• Aim of the task
Using the material below, print the line that contains "Aufnahme aus dem Vogelhaus", the line that contains "Blick über rote", and every line in between, exactly and nothing else.

• Data for the task

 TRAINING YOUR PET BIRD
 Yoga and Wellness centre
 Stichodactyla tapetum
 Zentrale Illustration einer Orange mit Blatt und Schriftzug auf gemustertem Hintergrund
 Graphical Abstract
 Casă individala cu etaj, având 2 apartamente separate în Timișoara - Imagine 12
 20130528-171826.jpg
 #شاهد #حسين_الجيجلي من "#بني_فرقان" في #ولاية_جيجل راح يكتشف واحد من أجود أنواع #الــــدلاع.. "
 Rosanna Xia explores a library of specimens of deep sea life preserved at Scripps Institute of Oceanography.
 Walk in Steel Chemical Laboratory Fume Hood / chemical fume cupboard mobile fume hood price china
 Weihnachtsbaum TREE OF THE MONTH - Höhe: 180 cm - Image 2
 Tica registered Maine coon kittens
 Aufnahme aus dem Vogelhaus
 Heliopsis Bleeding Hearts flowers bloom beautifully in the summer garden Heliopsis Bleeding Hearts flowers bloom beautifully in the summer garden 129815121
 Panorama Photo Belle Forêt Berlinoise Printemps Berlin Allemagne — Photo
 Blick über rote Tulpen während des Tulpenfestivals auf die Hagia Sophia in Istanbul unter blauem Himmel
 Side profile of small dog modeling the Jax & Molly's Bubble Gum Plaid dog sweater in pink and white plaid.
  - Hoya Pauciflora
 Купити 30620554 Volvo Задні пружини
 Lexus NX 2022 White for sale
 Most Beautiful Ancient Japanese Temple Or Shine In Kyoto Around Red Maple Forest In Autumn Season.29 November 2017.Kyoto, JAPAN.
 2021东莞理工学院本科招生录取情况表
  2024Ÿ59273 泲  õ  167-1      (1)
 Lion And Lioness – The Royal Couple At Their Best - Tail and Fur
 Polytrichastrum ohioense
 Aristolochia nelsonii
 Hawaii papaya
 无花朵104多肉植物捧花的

• Task result
 Aufnahme aus dem Vogelhaus
 Heliopsis Bleeding Hearts flowers bloom beautifully in the summer garden Heliopsis Bleeding Hearts flowers bloom beautifully in the summer garden 129815121
 Panorama Photo Belle Forêt Berlinoise Printemps Berlin Allemagne — Photo
 Blick über rote Tulpen während des Tulpenfestivals auf die Hagia Sophia in Istanbul unter blauem Himmel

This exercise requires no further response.